Just wanted to ask you a quick question on the U.S. asset and maybe the strategy here going forward in 2020. It's one of the few assets that seems to be seeing an increasing focus at the margin when you look at the percentage of capital it's seeing relative to the whole budget in 2020 versus 2019. Is this 10-well program, is there going to be a geological exploratory element to it, or do you guys think you have a pretty good handle on what you're doing there and it's more just moving into a bit of a development mode at this point?

A
Anthony William Marino
President, CEO & Non

The U.S. program is really one of development drilling. It is not necessarily in-field drilling.
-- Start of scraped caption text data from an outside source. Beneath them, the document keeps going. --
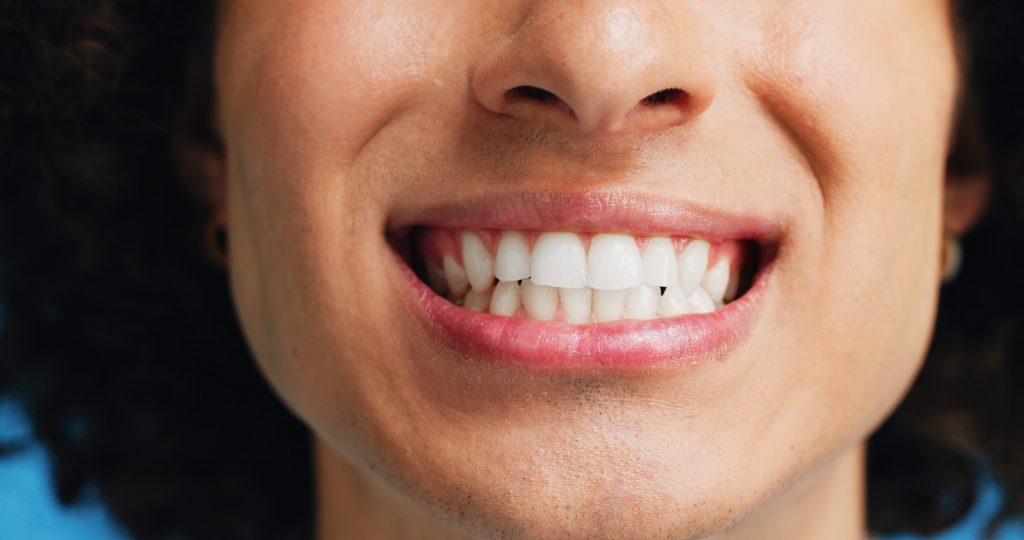 Persona sonriente con encías fuertes y perfectas.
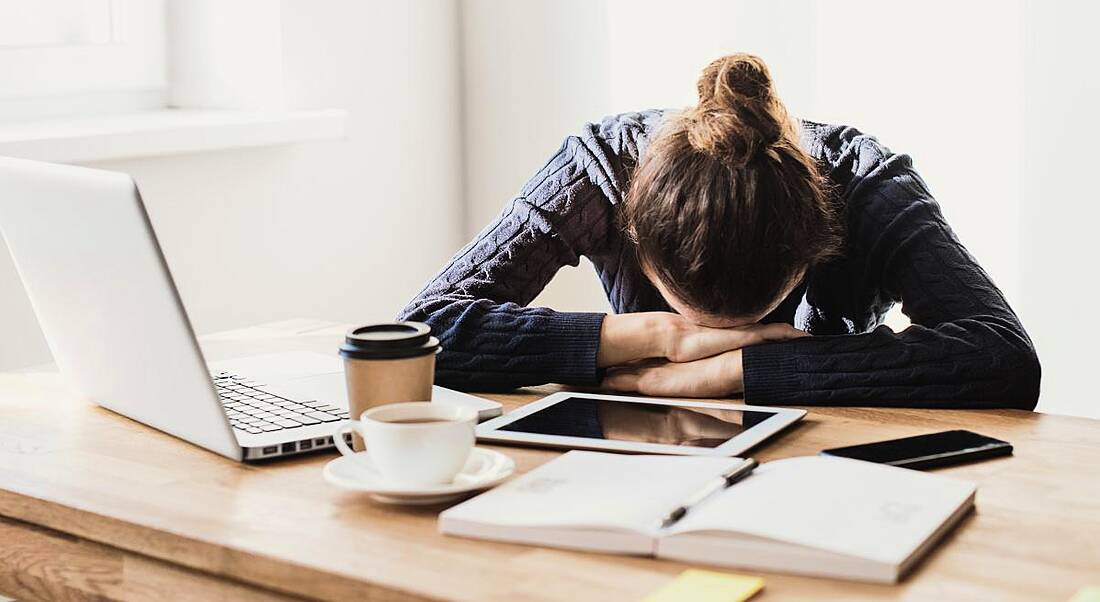 A woman slumped with her head on her arms at a desk. In front of her is a laptop, numerous documents and a coffee cup.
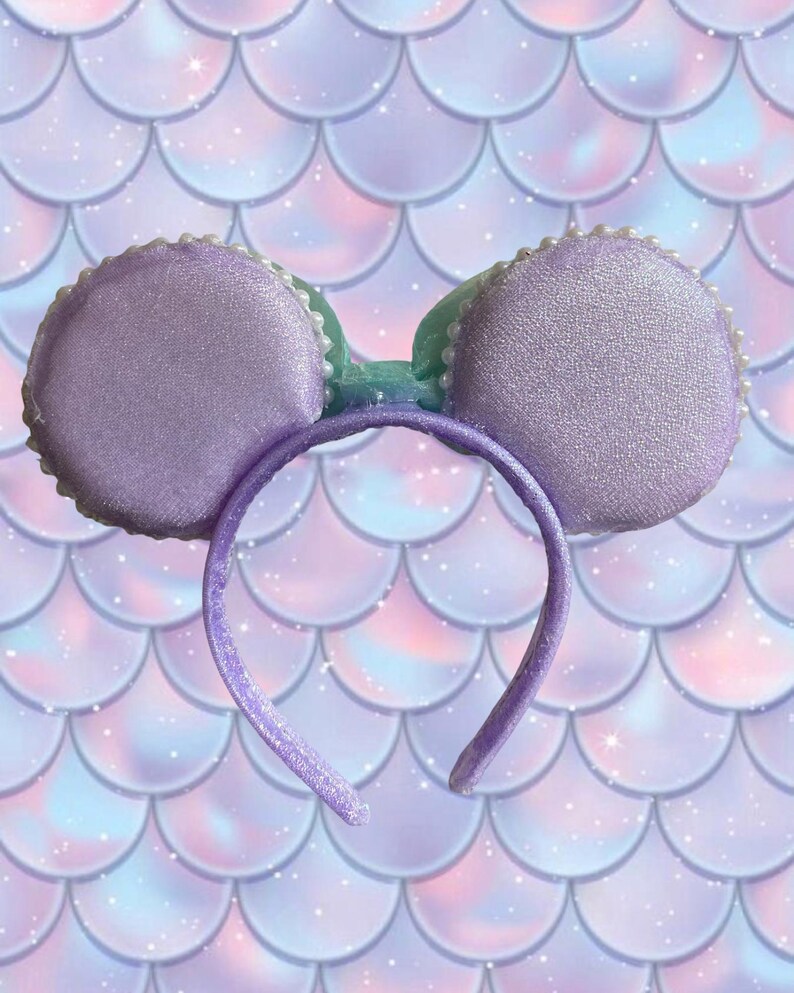 May include: A lavender-colored headband with two round, padded ears. The ears are trimmed with white beads and have a shimmering texture. A light green bow sits between the ears. The background features a mermaid scale pattern in shades of purple, pink, and blue.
There is delineation of the Hilight Turner Pool with wells that are broadly away from the current development area, so we're able to drill wells in a new reservoir that has already been delineated as being within the Turner Pool. So it's not really exploratory in nature. We think we've got good certainty on the expected results there.

P
Patrick Joseph O'Rourke

Okay. And the wells that you've drilled to date, at least the way they look, you've got a couple that are above type curve and a few that are mainly in line with type curve, so you're fairly comfortable with that type curve at this point in time?

A
Anthony William Marino
President, CEO & Non

Yes, Patrick, that assessment is correct. Some are above the type curve, some are in line with it and we're comfortable that the type curve, or perhaps something a little bit better, is deliverable out of that drilling program.

Operator

[Operator Instructions.] And there are no further questions at this time. Mr. Anthony Marino, I turn the call back over to you for some closing remarks.

A
Anthony William Marino
President, CEO & Non

Thank you again for participating in our Q3 2019 conference call. We look forward to speaking with you again after our Q4 2019 results are reported in the new year.

Operator

Ladies and gentlemen, this concludes today's conference call. Thank you for participating. You may now disconnect.